▶
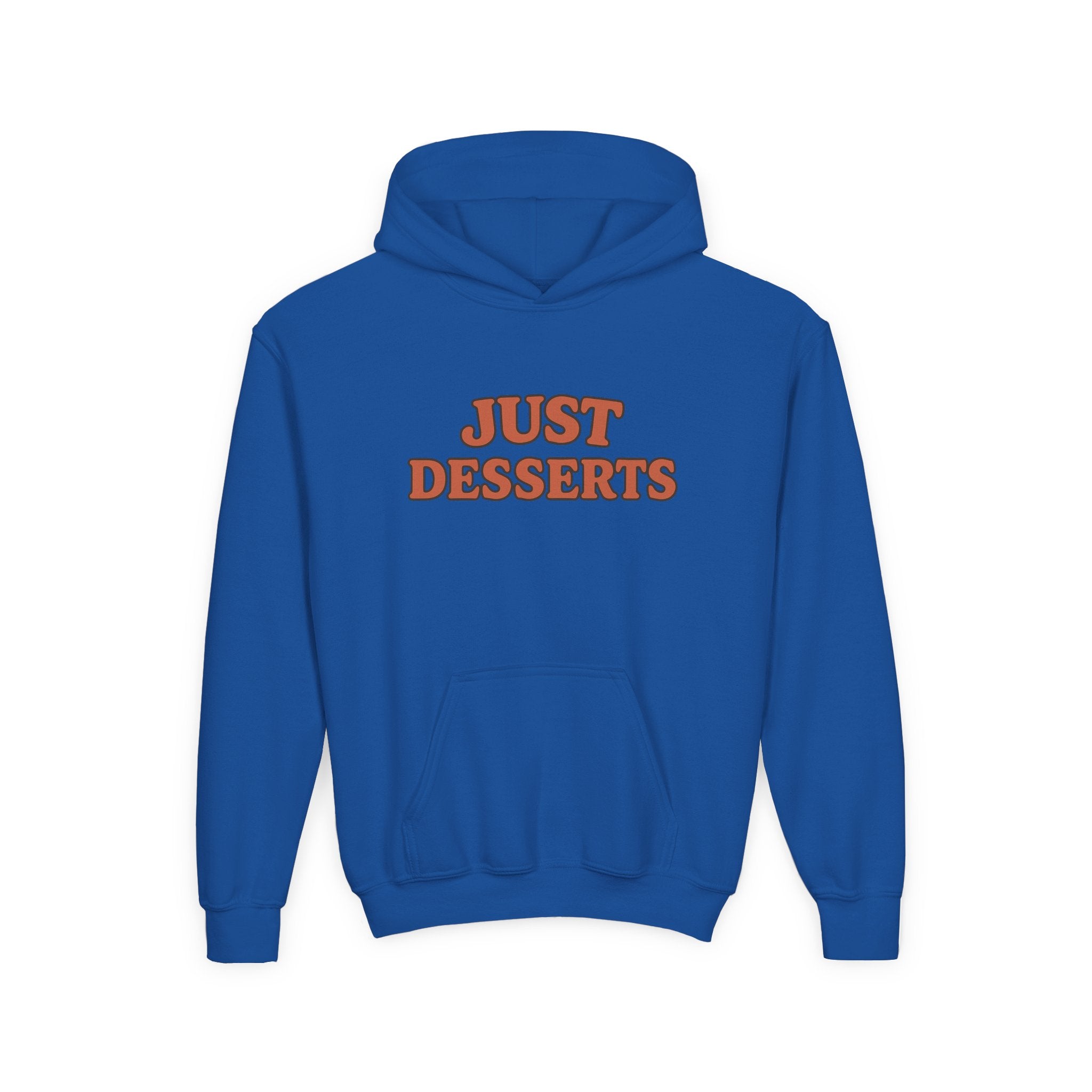 Just Desserts Youth Hoodie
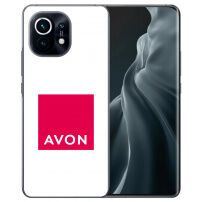 Kryt Avon White pro Xiaomi Mi 11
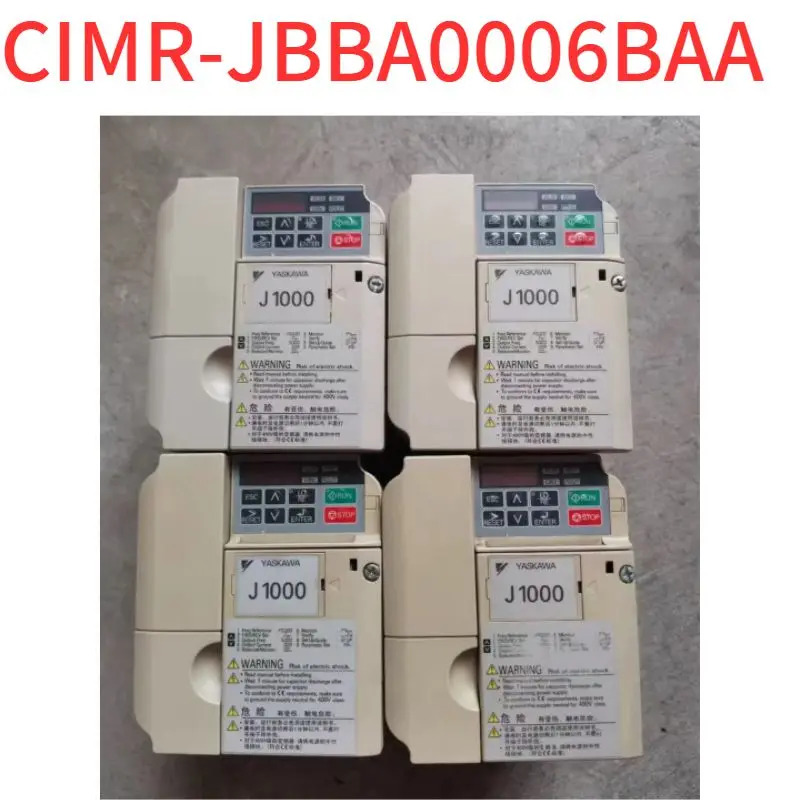 리퍼 OK J1000 CIMR-JBBA0006BAA 인버터 1.1kw/0.75kw-220v
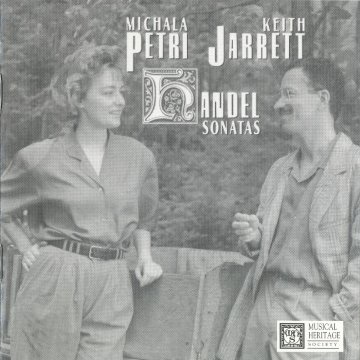 Recorder Sonatas album thumb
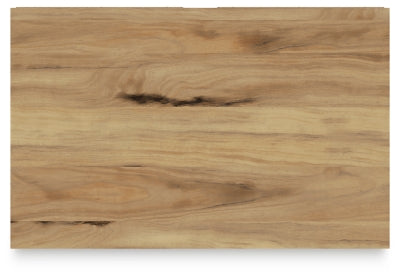 Ashley Bermacy Light Brown Chest of Drawers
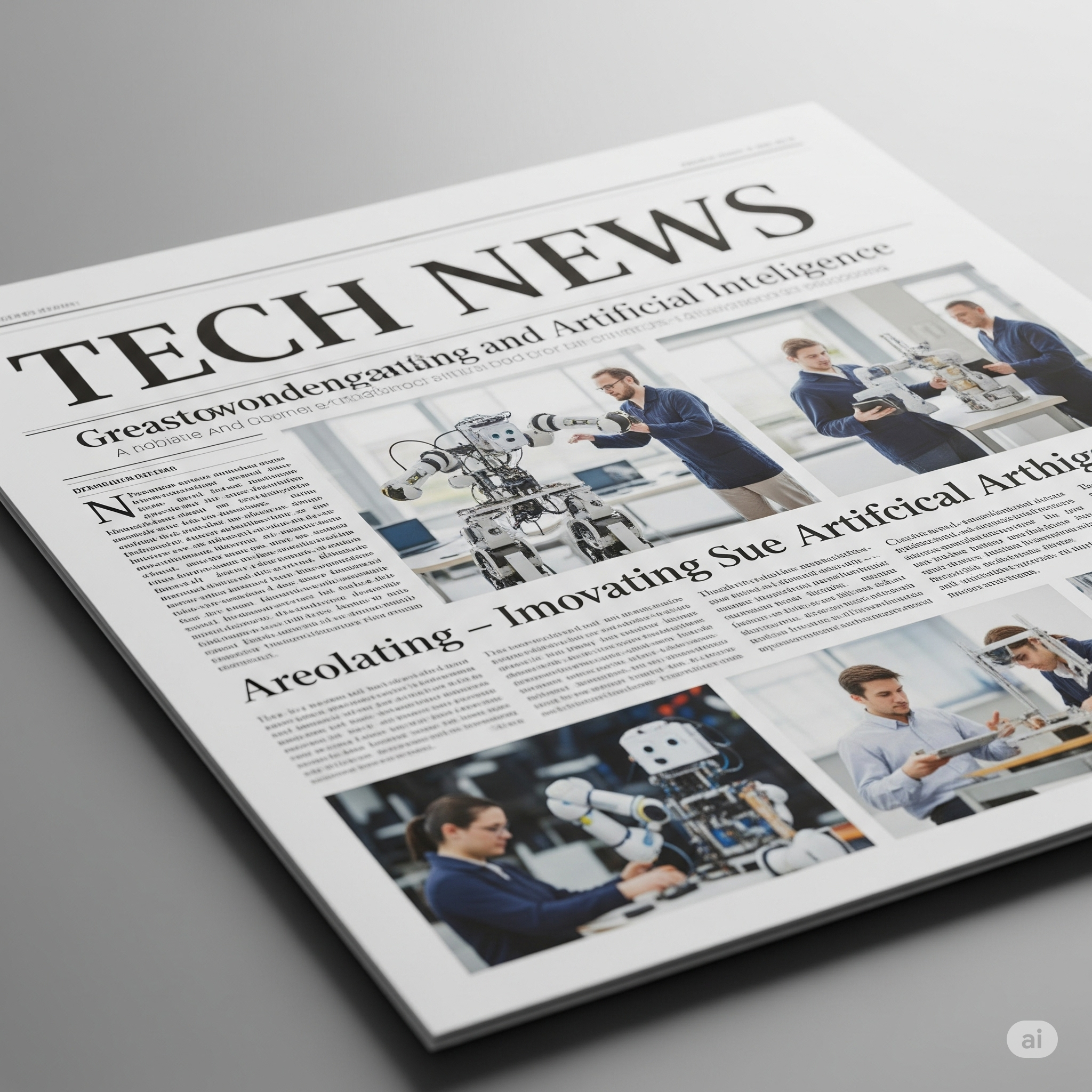 Tech News tech news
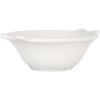 Clayre & Eef 6CEBO0200M Miska 12x8x4 cm 75 ml keramická bílá venkovský styl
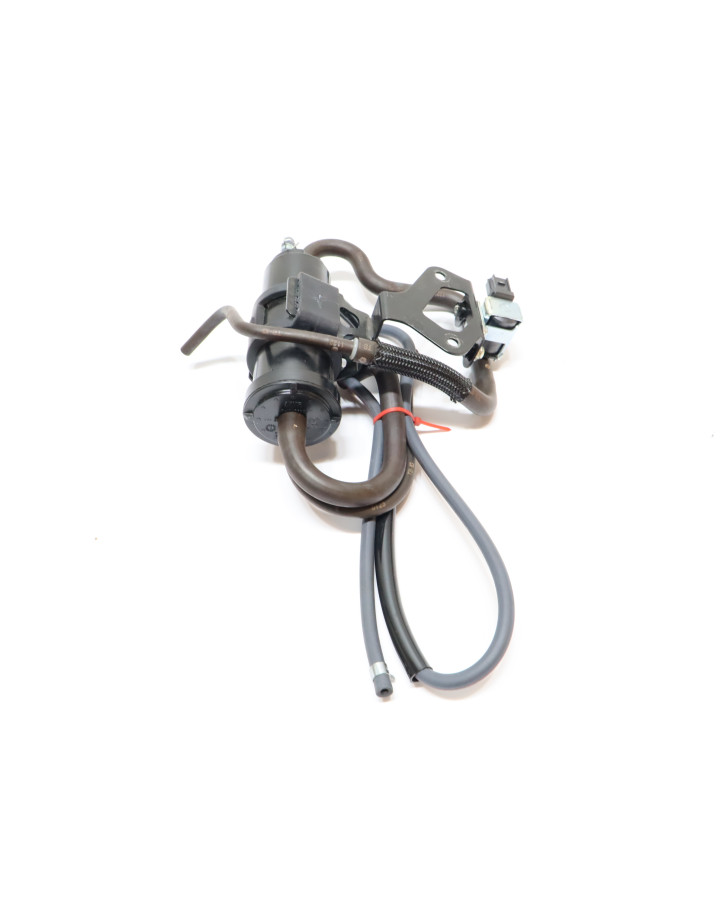 Honda NC750X, evap/canister/luftsolenoid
◀
About this exercise: Omit each picture, then return all of the listing exactly as it stands.

Answer to the problem:
 Just Desserts Youth Hoodie
 Kryt Avon White pro Xiaomi Mi 11
 리퍼 OK J1000 CIMR-JBBA0006BAA 인버터 1.1kw/0.75kw-220v
 Recorder Sonatas album thumb
 Ashley Bermacy Light Brown Chest of Drawers
 Tech News tech news
 Clayre & Eef 6CEBO0200M Miska 12x8x4 cm 75 ml keramická bílá venkovský styl
 Honda NC750X, evap/canister/luftsolenoid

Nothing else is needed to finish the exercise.